Status
Current state: Accepted
Discussion thread: here
JIRA: here
Released: 2.0.0
Please keep the discussion on the mailing list rather than commenting on the wiki (wiki discussions get unwieldy fast).
Motivation
Kafka already has serializers and deserializers for primitive numeric values, such as IntegerSerializer
and IntegerDeserializer
. Connect doesn't yet have Converter implementations for these primitives, yet it may be useful for some connectors to use numbers as keys or values within records. In these cases, primitive converters are more useful and desirable than having to use the String, JSON, or Avro converters.
Note that primitive integral numbers makes sense for keys, whereas floating point numbers much much less sense. Despite that, this proposal suggests adding Converters for all of Kafka's existing primitive serdes, keeping symmetry between the available options.
Public Interfaces
Add five new implementations of the existing org.apache.kafka.connect.storage.Converter
interface, which use the corresponding (existing) Kafka serializer and deserializers that already support nulls. All of the Converter implementations will use the specified Connect optional schema when deserializing values to allow for nulls. These classes will also implement the existing org.apache.kafka.connect.storage.HeaderConverter
interface, which like the existing StringConverter simply delegates to the normal Converter methods. The topic and header names supplied to the converters do not affect serialization or deserialization.
Class name | Deserialized Schema | Uses existing Serializer | Uses existing Deserializer |
---|---|---|---|
| Schema.OPTIONAL_INT16 | org.apache.kafka.common.serialization.ShortSerializer | org.apache.kafka.common.serialization.ShortDeserializer |
| Schema.OPTIONAL_INT32 | org.apache.kafka.common.serialization.IntegerSerializer | org.apache.kafka.common.serialization.IntegerDeserializer |
| Schema.OPTIONAL_INT64 | org.apache.kafka.common.serialization.LongSerializer | org.apache.kafka.common.serialization.LongDeserializer |
| Schema.OPTIONAL_FLOAT32 | org.apache.kafka.common.serialization.FloatSerializer | org.apache.kafka.common.serialization.FloatDeserializer |
| Schema.OPTIONAL_FLOAT64 | org.apache.kafka.common.serialization.DoubleSerializer | org.apache.kafka.common.serialization.DoubleDeserializer |
None of these classes have configuration options. To use them, a Connect worker or converter simply specifies the class names in the key.converter
and/or value.converter
configuration property that are already part of Connect.
Proposed Changes
Implement the five new implementations of the Converter and HeaderConverter interfaces, as outlined above. The implementations will use an abstract base class to encapsulate the common functionality.

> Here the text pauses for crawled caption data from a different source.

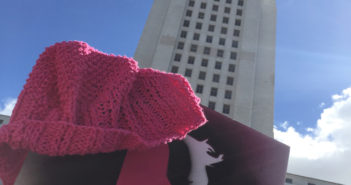 Tuesday Sweep: Jan 24 2016 pink knit hat and protest sign with women's march logo held up in front of LA City Hall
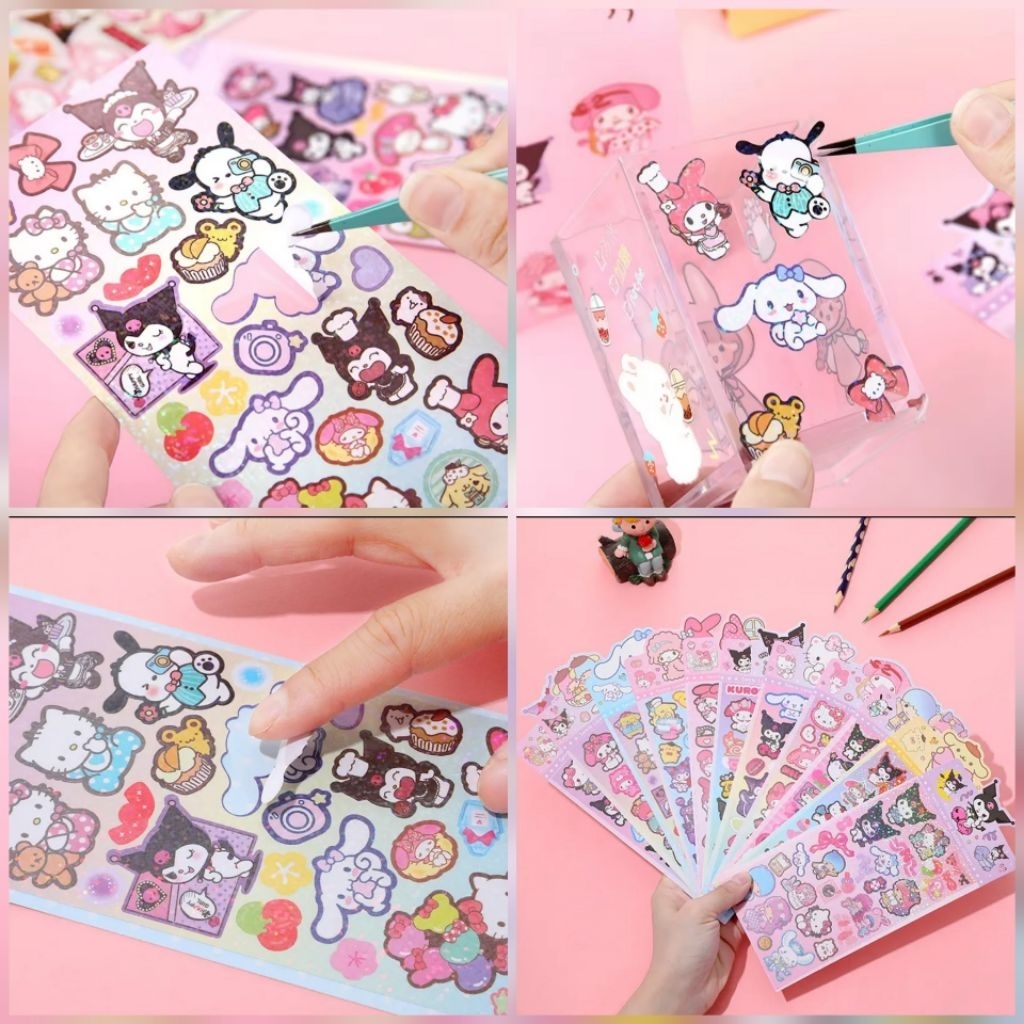 สติ๊กเกอร์แผ่นเรียบ กากเพชรวิ๊ง สติ๊กเกอร์การ์ตูนญี่ปุ่น ซื้อ5ฟรี1 สติ๊กเกอร์ตกแต่ง สติ๊กเกอร์เด็ก ของสะสม สินค้าราคาถูก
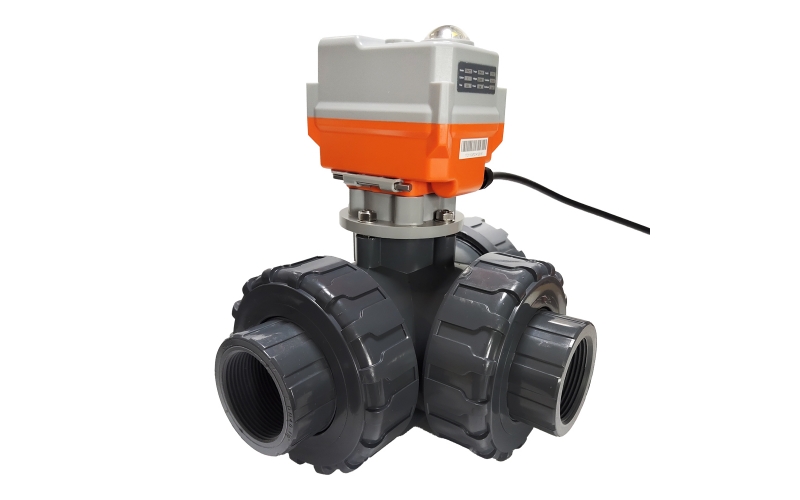 20Nm 3-Way UPVC True Union End Motorized Ball Valve with BSP, NPT or Glue End with ANSI, DIN or JIS standard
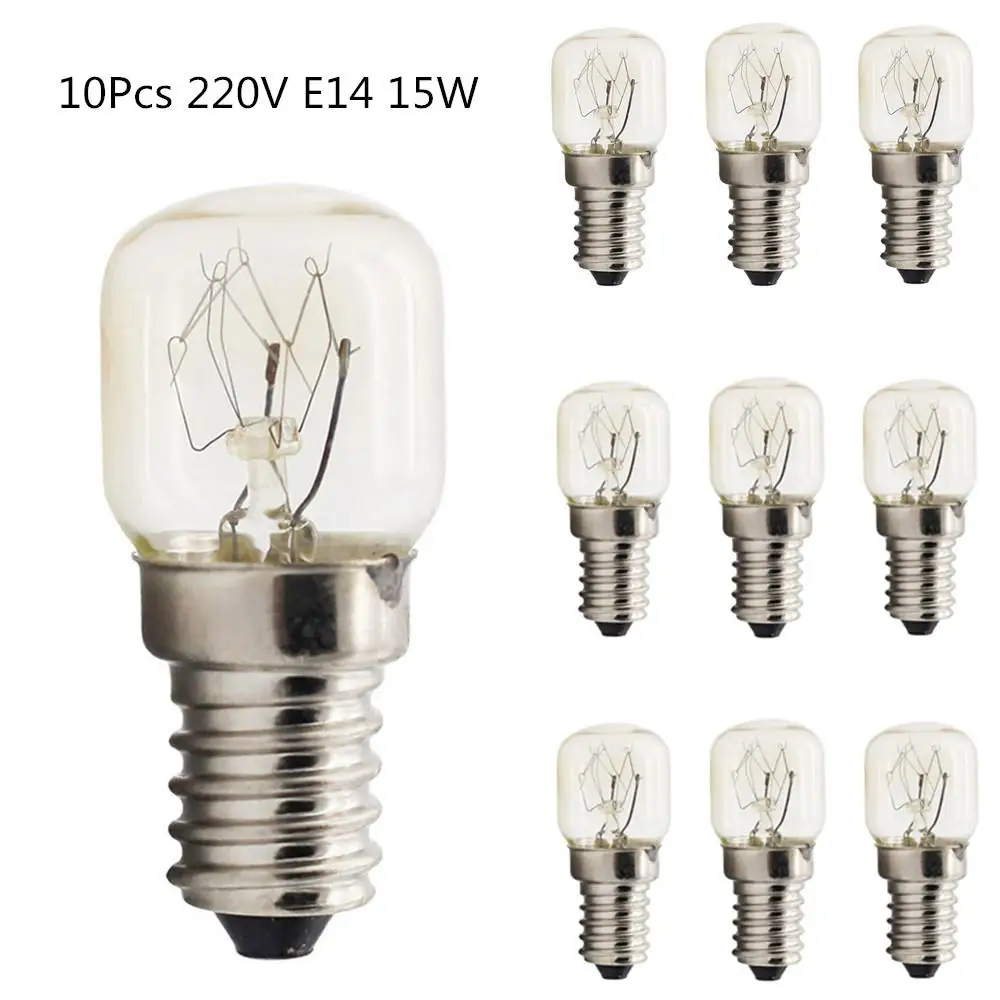 Hobbylane 10 шт./компл. 15 Вт/25 Вт E14 220V 300 градусов при высоких Температура устойчивостью микроволновая лампочка для духовки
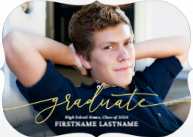 Scripted Graduate (Shaped Cut) Front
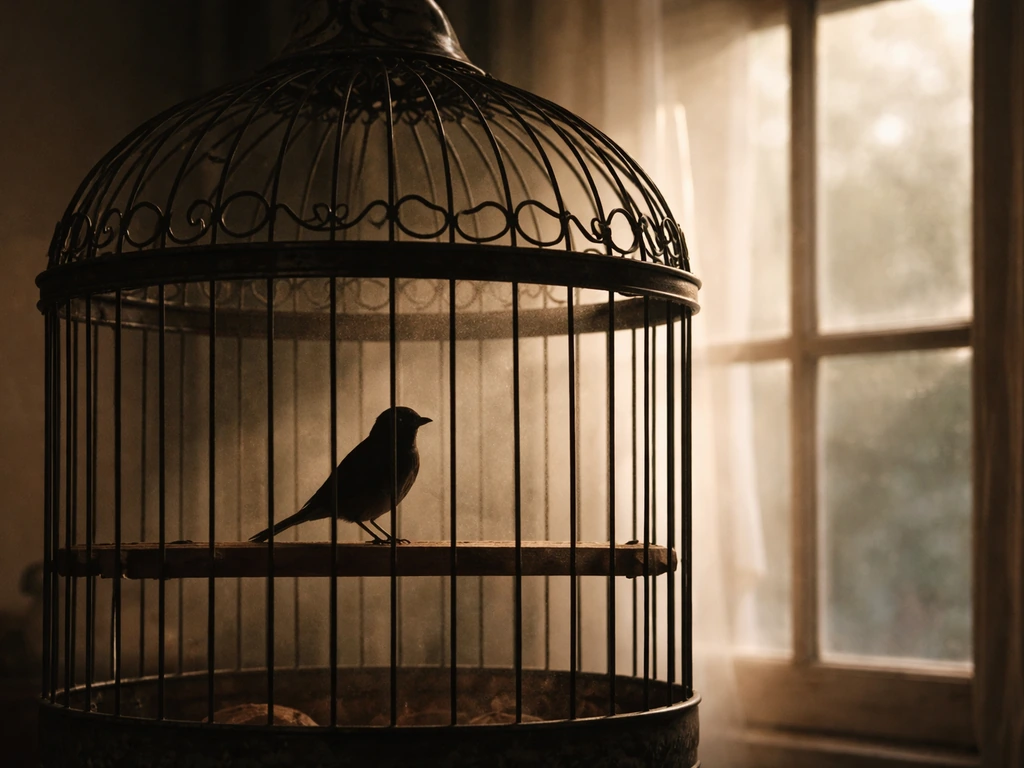 A small bird perched inside a cage by a sunlit window, symbolizing confinement and voice.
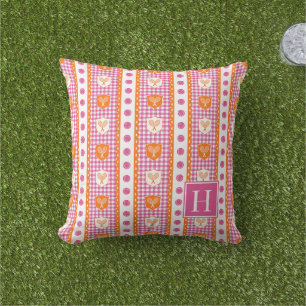 Preppy Tennis Crest Gingham - Hot Pink & Orange Kissen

See the pull request for implementation details.
Compatibility, Deprecation, and Migration Plan
These are new converters can be used by Connect workers or connectors, but none will be used by default and all behave similarly to existing converters.
- No existing connector or worker configurations are affected. The configurations must be changed in order to use these new converters.
- No existing behavior will be affected.
Additionally, Kafka clients and streams applications can already use Kafka's existing serializers and deserializers. These new converters simply wrap those serdes and are therefore compatible with clients and streams applications.
Rejected Alternatives
One alternative considered was to create a single Converter that specified the desired type in configuration properties. This would have been more complicated to configure, so the simpler approach was taken.
A second alternative that was considered was to use one Converter that could dynamically determine the serialized and deserialized form for each key or value. This was rejected since no corresponding Kafka serdes implementation would work the same way.
Third, it was considered to only provide ShortConverter, IntegerConverter, and LongConverter since integral numbers make sense as message keys. In fact, one might argue that only longs make sense as keys, since the shorts and integers have too small a range to be useful as keys. However, the proposal still includes all five Converters (a) to maintain symmetry with the existing Kafka serdes, and (b) to allow them to be used as HeaderConverters. They are very simple classes, so the maintenance cost is minor. A bigger question is whether the additional converters lead users to use them inappropriately, but here the lack of symmetry with existing Kafka serdes might be a bigger concern.